Richard Lugar, the ranking
Republican in the Senate Foreign Relations Committee, also
challenged China to allow journalists and diplomats full access to
Tibet to determine whether Beijing allegedly overreacted to the
protests.
“I am particularly disappointed
that officials in Beijing have chosen to attack the Dalai Lama and
unfairly blame him for the protests,” Lugar said in a statement.
“I am aware of no credible evidence that he encouraged or
instigated the protests, which occurred across a broad area of the
Tibetan Autonomous Region and Tibetan areas of China.”
China has published an anonymous
confession from a Tibetan protester as part of a dossier of
“evidence” it said proved the Dalai Lama and his
government-in-exile were behind the unrests against Beijing’s rule
of the Himalayan region.
Lugar noted that the Dalai Lama
had deplored the violence and called for a stop to violent
activities, saying they appeared to have been heeded by most
Tibetans in the autonomous region and elsewhere.
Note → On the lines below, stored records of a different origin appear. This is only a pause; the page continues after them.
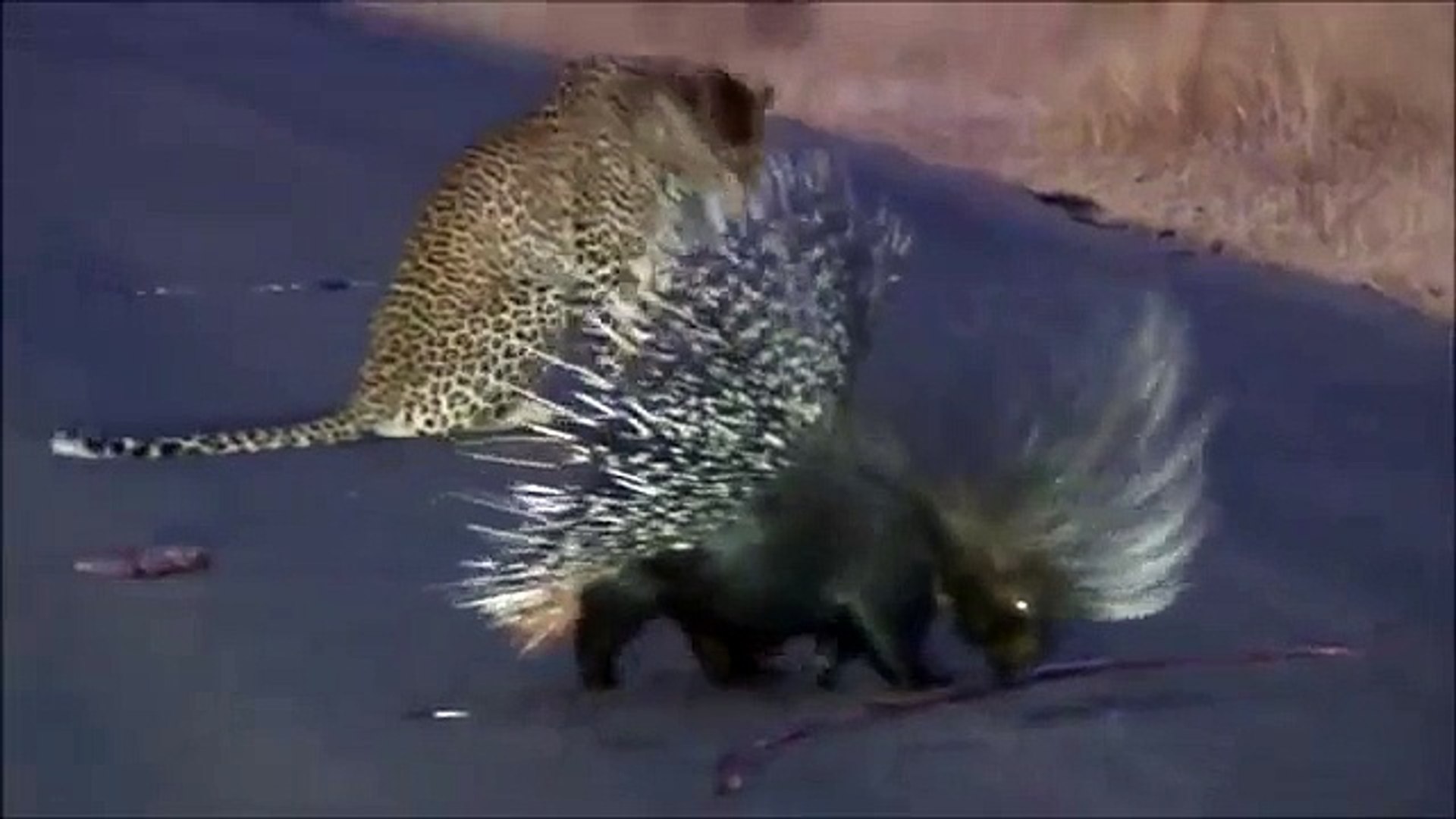 Tiger battles with porcupine in safari park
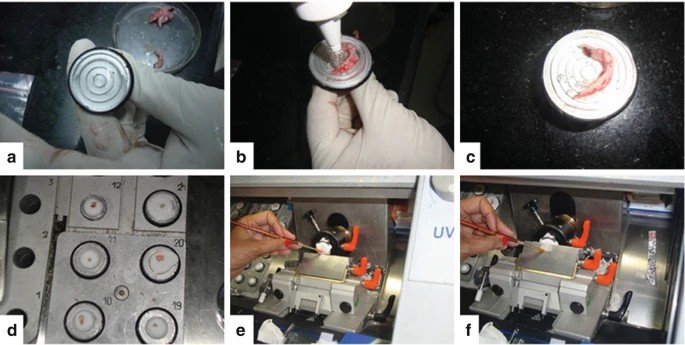 Cryostat processing involves the following steps: (a) Apply OCT compound to cover the mold, (b) Place the tissue onto the block, (C) Pour OCT over the tissue, (d) Transfer the tissue into the cooling chamber, (e) Use the brush to guide the tissue tip, (f) Carefully spread the tissue section across the anti-roll plate and then lift it by touching it with a glass slide.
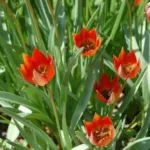 Tulipa orphanidea — photo 5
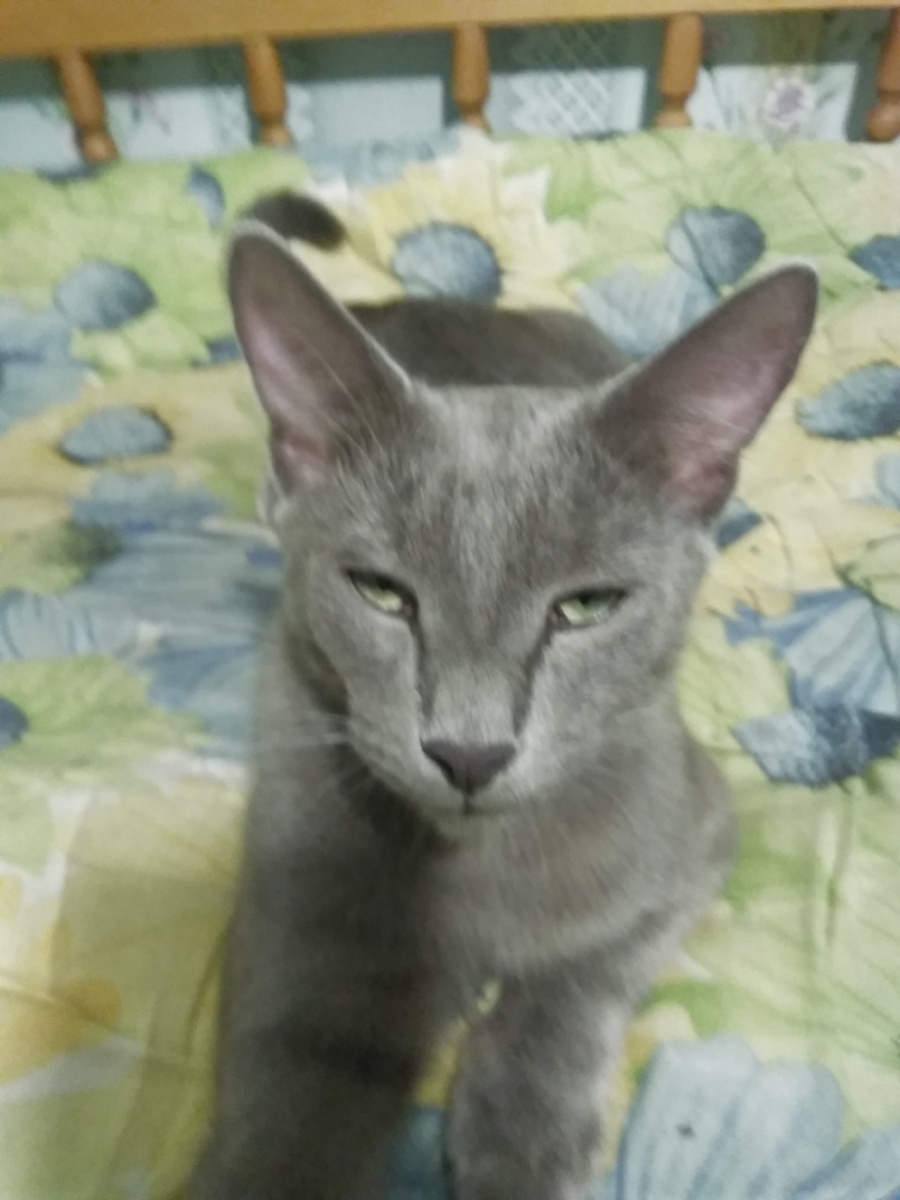 Здравствуйте друзья! Может кому  нужен котик цвета серый  металик? У кота проблемы с позвоночником возможно пнули или машина зацепила. Но это не мешает ему быть ласковым и игривым котиком. Серый настолько ласковый и обезбашенный кот он подружится с кем угодно. Из за проблем с позвоночником он не может долго играть, начинает задыхаться но быстро приходит в себя.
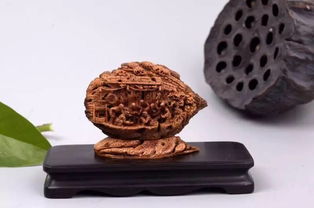 山東工藝美術學院研培學員創新產品設計大獎賽喜獲佳績，彰顯收藏品鑒定評估服務價值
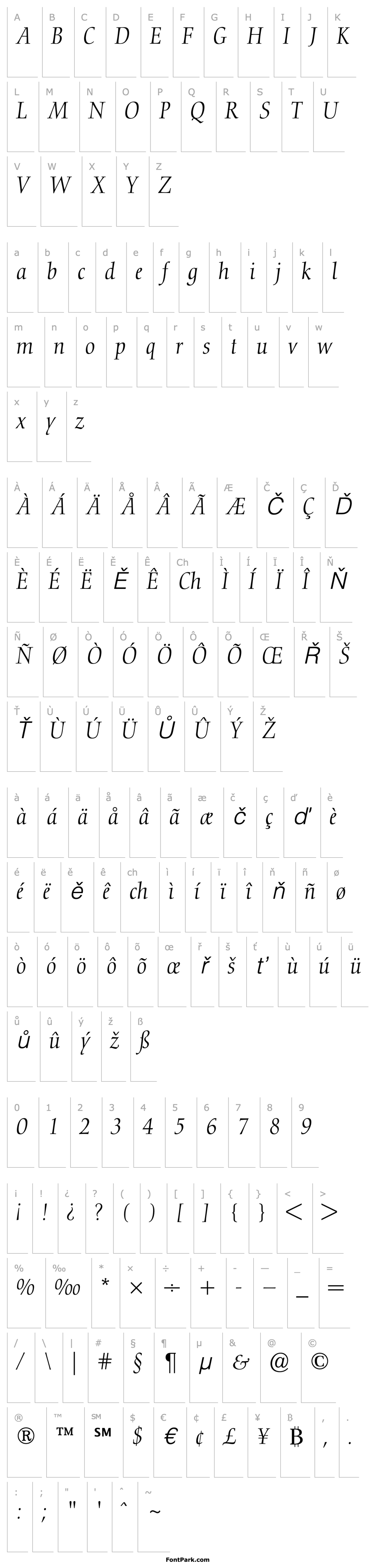 Přehled Nofret-LightItalic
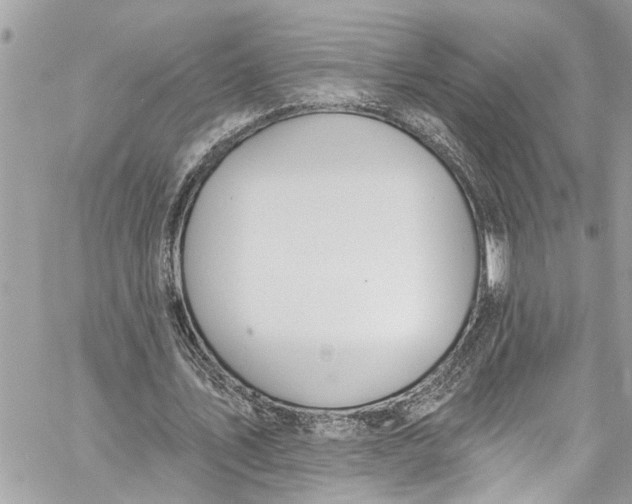 X0000060270579200511181422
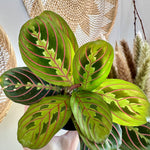 Maranta leuconeura var erythroneura 'red'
“I have met the Dalai Lama
several times and I know him to be a man of peace,” the senator
said. “Contrary to repeated Chinese assertions, he has affirmed he
does not favor an independent Tibet, but rather a Tibet with genuine
autonomy as part of China.”
He urged the Chinese leadership
to work with the Dalai Lama to seek a “mutually agreeable and
peaceful solution” to the Tibet issue.
Beijing says rioters had killed
18 civilians and two police officers in the protests. Exiled Tibetan
leaders have put the death toll from the Chinese crackdown at 135 to
140 Tibetans, with another 1,000 injured and many detained.
Lugar also asked Beijing “to
open up more fully” to allow journalists, diplomats and other
independent observers into Tibet to determine the background to the
protests “to judge” whether Chinese authorities allegedly
overreacted to incidents of looting, burning and attacks on
individuals and whether they were detaining and lodging charges of
violence against monks and others who had expressed their views
peacefully.
“Greater access would also be
consistent with China’s promise to give wider freedoms to foreign
journalists in the period before the 2008 Olympics,” Lugar said.